To interpret the Java native byte-code and thus run Java programs, a platform must support the Java
runtime environment, called the Java Virtual Machine (JVM). The JVM is written to be specific to the
operating system on which it runs because it needs to directly access system resources. Therefore, a
JVM written for Windows is different from a JVM written for the Mac. However, to the Java programmer,
the two JVMs are identical because the Java libraries available for use by the Java program are the
same. This allows the Java byte-code to be identical for all JVMs, and thus fulfills Sun Microsystem's
goal of WORA. Web browsers are packaged with an embedded JVM. Java programs invoked by the
browser run on the browser's JVM.
A Java applet is a client-side Java program that is downloaded along with an HTML page that has an
applet tag encoded. The browser displays the HTML page and then downloads the applet from the
Web server and executes it using the embedded JVM. It continues to execute the applet until it
terminates itself or until the user stops viewing the page containing the applet. A Java application is
different from an applet. A Java application can be distributed through the use of a Web server, but it is
then installed on the client system and runs independently of the browser and the browser's JVM.

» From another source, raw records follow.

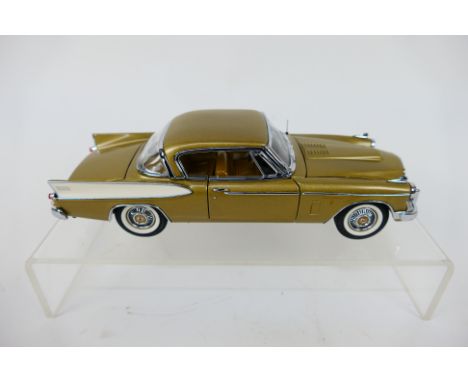 Franklin Mint - A boxed 1957 Studebaker Golden Hawk in 1:24 scale. The model appears Mint in its original packaging. (This do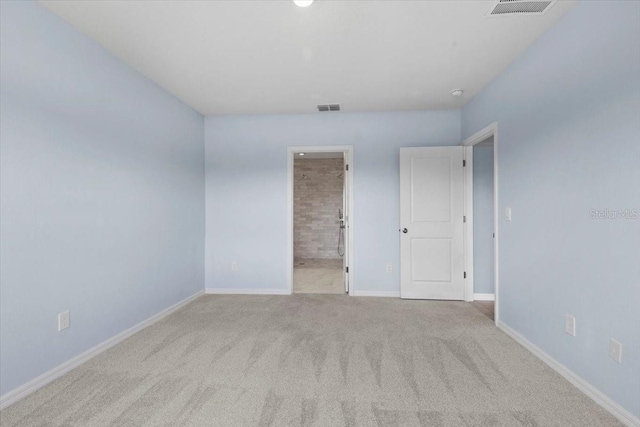 33369 Hamilton Hill Ln, Wesley Chapel, FL 33545 - unfurnished bedroom with carpet and connected bathroom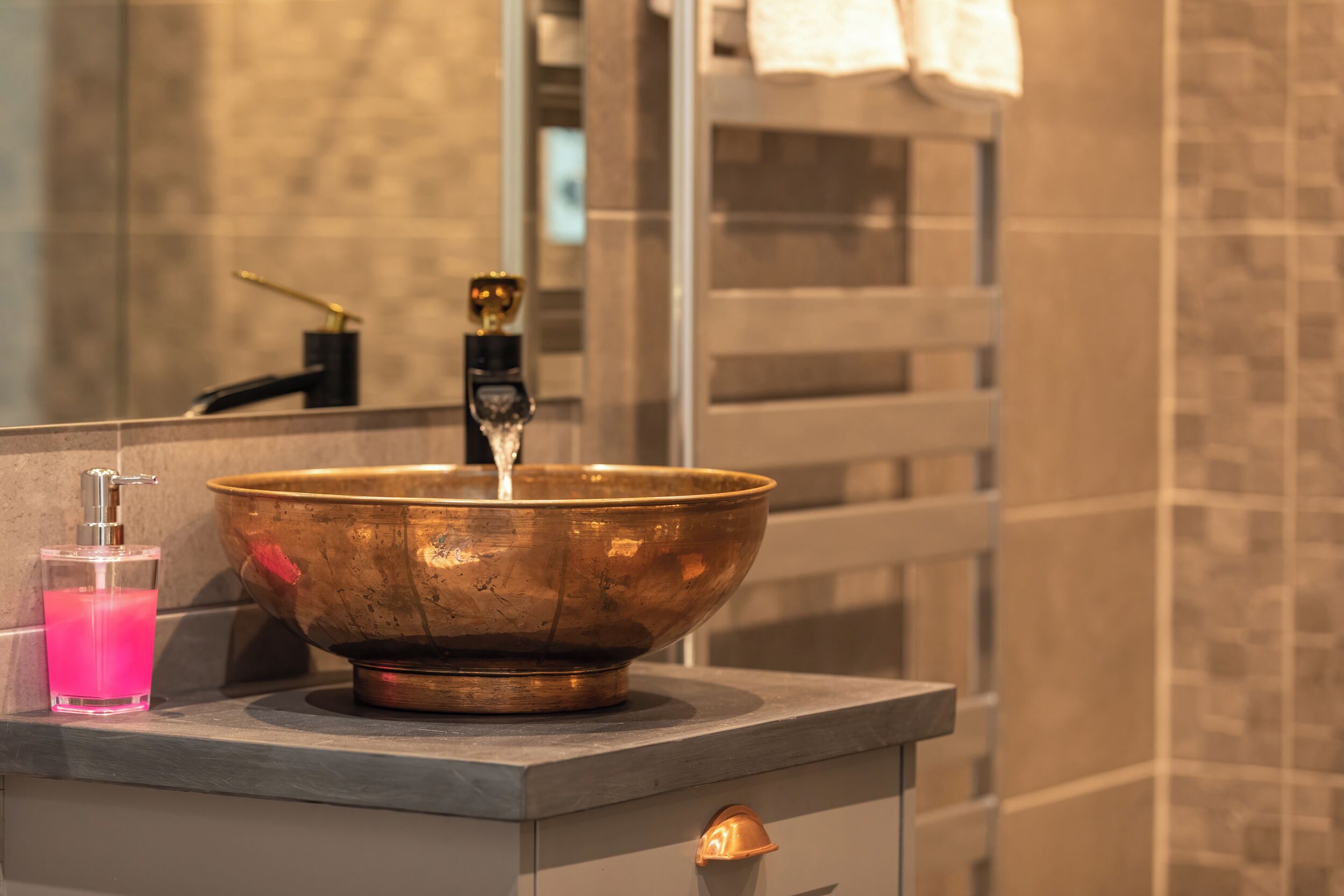 A bathroom with a copper sink, a glass soap dispenser, and a mirror reflecting a towel rack.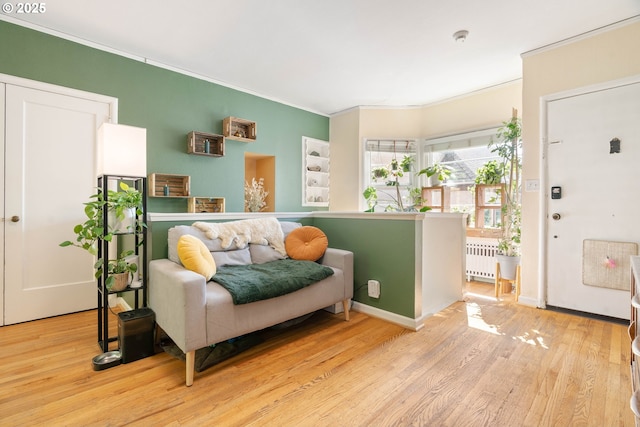 living area featuring radiator, ornamental molding, wood finished floors, and baseboards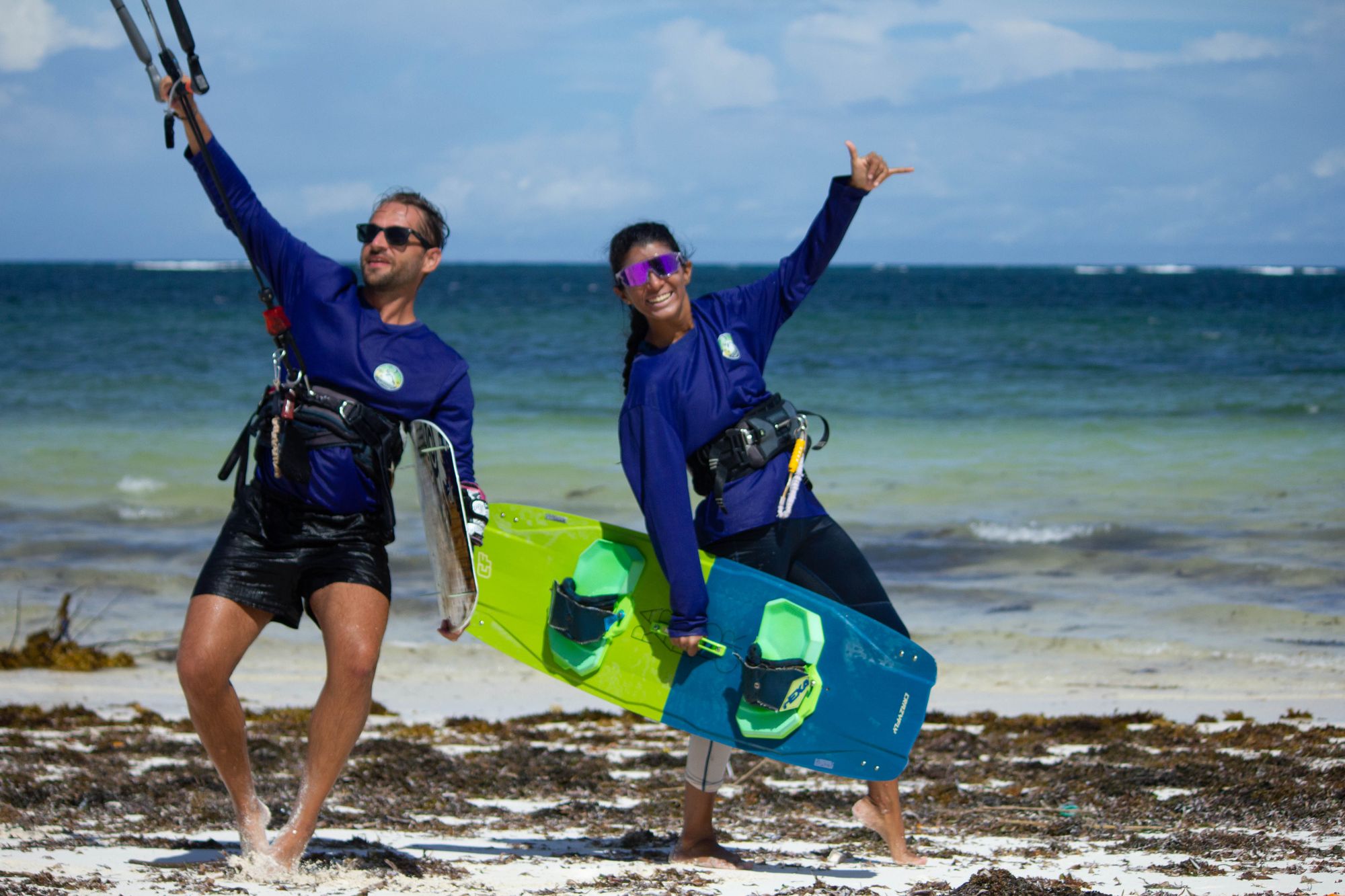 Two kitesurfers in blue school shirts posing on the beach with a board, arms raised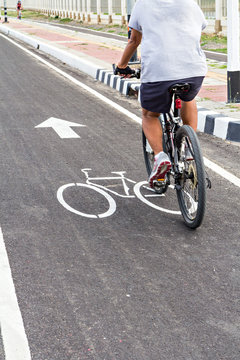 A man have an exercise by  riding bicycle on a bike lane
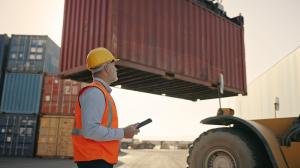 man with cargo container lifted by a crane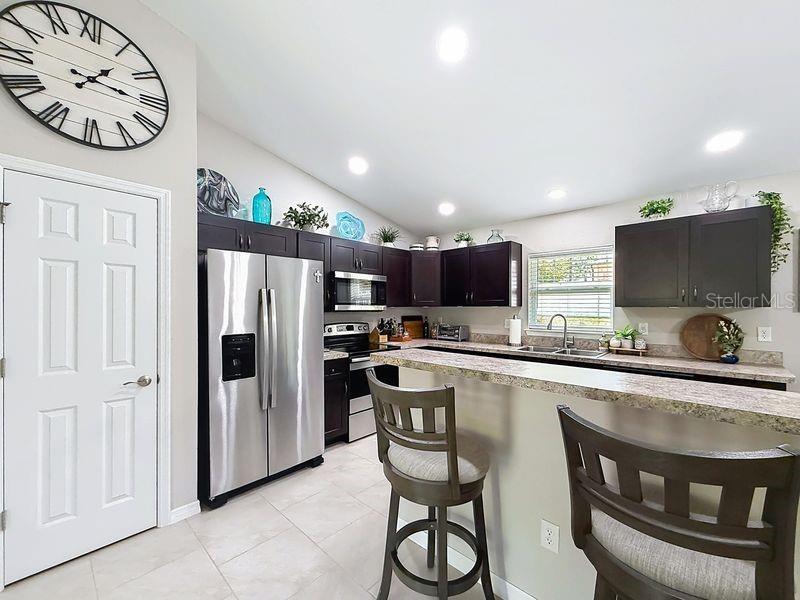 20156 Southwest 83rd Place Dunnellon, FL 34431 - Photo 8 of 28 a kitchen with stainless steel appliances a stove a sink a microwave a refrigerator and cabinets
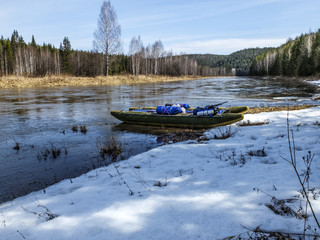 Raft on the snowy Bank of the river. Spring rafting.
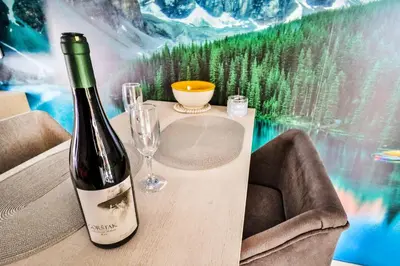 a bottle of wine sitting on a table with a glass at Simo apartments airport Podgorica in Podgorica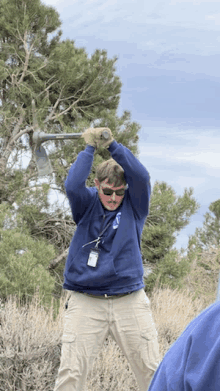 a man in a blue sweatshirt has a name tag on his neck that says ' scott '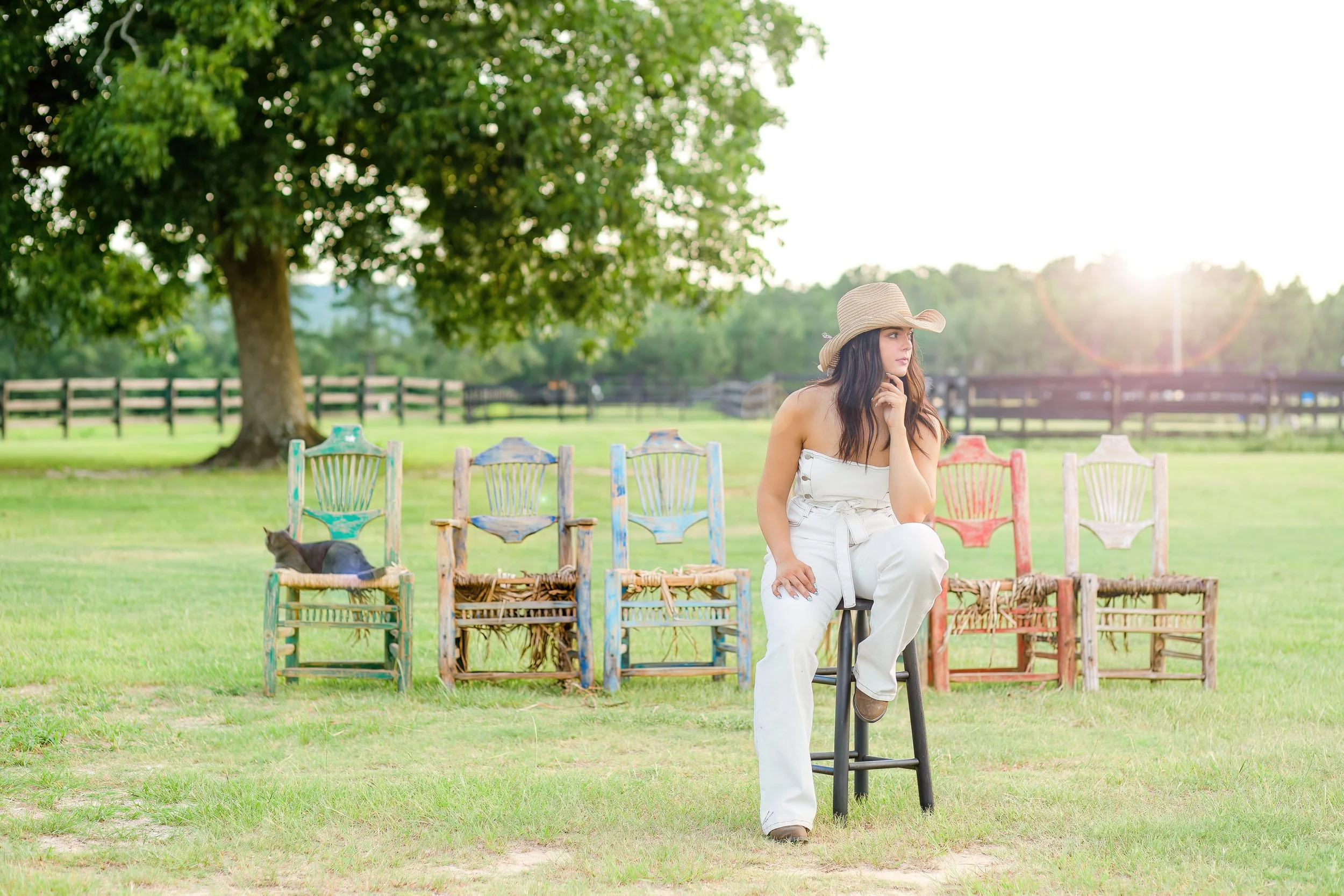 A woman with long dark hair sitting on a black stool in a field, wearing a wide-brimmed straw hat and white outfit, with a row of colorful rustic chairs behind her and a black cat resting on one of the chairs, under a large green tree during sunlight.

One of the early criticisms of the Java applet model was that a large applet could degrade a network
and require users to wait a long time for an applet to download. Although the name "applet" may imply
that these are small applications, that is not necessarily the case. Applets can be very small or they can
be as large as regular, stand-alone applications. Consider the case of a large enterprise with 20,000
desktops. If all of these users require a particular Java applet that is 3 megabytes in size, then each
time the applet is downloaded to the user base, the operation requires 60 gigabytes of network
bandwidth. Initially, applets were downloaded every time the user accessed the HTML page containing
the applet tag. This has been changed so that applets can be cached on the hard drive. When the page
containing the applet tag is downloaded, the Web browser compares the version of the cached applet
with the version stored on the Web server. If there is a match, the cached applet is executed. It is only if
the cached applet is out of date that the download is initiated. When there is a new version of an applet
available, the IT organization only needs to propagate the new applet to its Web servers. The update of
the user base will occur automatically, and network band-width is only consumed when necessitated by
an update of the applet.
To address the concern about security, Java applets originally could only perform certain tasks and
could not access any system resources such as the hard drive. This is referred to as a "sandbox" model
of security because the Java applets operated within the strict confines of a sandbox and could not
reach out of the sandbox to harm the underlying system. While secure, this model of security limited the
capabilities of Java applets and was eventually relaxed. Most applets implement digital certificates to
address the security concern.
Many vendors and IT organizations provide Java applets to extend the capability of the browser and
utilize the software distribution capabilities inherent in the Web model. Sun maintains a Web site
devoted to Java applets at />ActiveX Controls
ActiveX controls are similar to Java applets in that they are downloaded with Web pages and executed
by the browser. ActiveX is a set of technologies defined by Microsoft and based on a long history of
Microsoft technologies. ActiveX is language independent and platform specific, which directly contrasts
with the language dependence and platform independence of Java applets. Although Microsoft claims
that ActiveX is supported on a variety of platforms, in reality it is closely tied with the Windows
95/98/2000 desktop operating system. Senior Microsoft executives have clearly stated that the Windows
platform will always have priority and will always gain new functionality first when it comes to ActiveX.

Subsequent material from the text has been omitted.